Gil is the founder and CEO of Straterix, a Teaneck, New Jersey-based company that sells high-tech systems for generating a wide array of possible economic scenarios, including scenarios that go beyond executives' worst nightmares, for use in stress testing.

In life insurance, she said, a typical graph of risk frequency might look like a bell-shaped curve, with many ordinary outcomes in the middle, a few very good or very bad outcomes on the sides, and all of the outcomes shown on the bell-shaped curve occurring more or less separately from one another.

On the asset investment side, she said, "There is no independence."

What It Means

On the worst days, when troubles come at the insurers behind your clients' life insurance policies, disability insurance policies and annuity contracts, they might come in groups.

Alla Gil

Gil studied math at Voronezh State University, and worked as a risk management specialist at the managing director level and partner level at Citigroup, Nomura International and Goldman Sachs from 1997 through 2009.

While at those companies, she helped big investment banks apply the same kinds of modern mathematical techniques that physicists and theoretical computer scientists use to their credit derivatives.

She spent two years at a financial technology firm, then started her own consulting firm to help the investment banks' financial institution clients apply modern mathematical techniques to analyze their investment risk.

She helped launch Straterix in 2015.

The Math of Doom

Gil acknowledged last week in an interview that life insurers have no shortage of mathematical expertise.

"They have institutes full of statisticians and actuaries," Gil said.

But Gil said she believes that typical life insurance company "quants" are used to analyzing risks that have little influence on one another.

In the world of investment management, she said, one terrible event can suddenly make many other terrible, supposedly rare events occur at the same time.

A bad storm could lead to spiking interest rates, a stock market crash and high inflation rates, and an earthquake that occurs while all of those disasters are underway could add to the misery, and lead to aftereffects that keep the period of misery going, Gil said.

The result is that, instead of a friendly bell-shaped curve describing risk distribution in the investment markets, the curve that applies is a "fat tail value at risk curve."

In a high school math book, extreme tail risk is a little sliver of bad outcomes on the right side of the bell.

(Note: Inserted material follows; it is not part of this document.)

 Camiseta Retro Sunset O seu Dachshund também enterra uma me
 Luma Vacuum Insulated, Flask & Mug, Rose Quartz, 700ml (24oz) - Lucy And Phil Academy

In the real investment world, the right side of the curve may be a thick glob of potential catastrophes, according to the fat tail value at risk approach.

Instead of using traditional techniques for analyzing economic risks mostly separately, life insurers should use techniques such as jump diffusion theory to capture how one big shock can create ripples that roll back and forth through the economy, making risks rise together, fall and move in ways never seen before, Gil said.

The good news, Gil said, is that life insurers that generate the right mix of economic scenarios can see where the tangled threads of bad outcomes lie.

If life insures see the tangles of bad outcomes, they may be able to come up with strategies for preventing those bad outcomes from occurring, she said.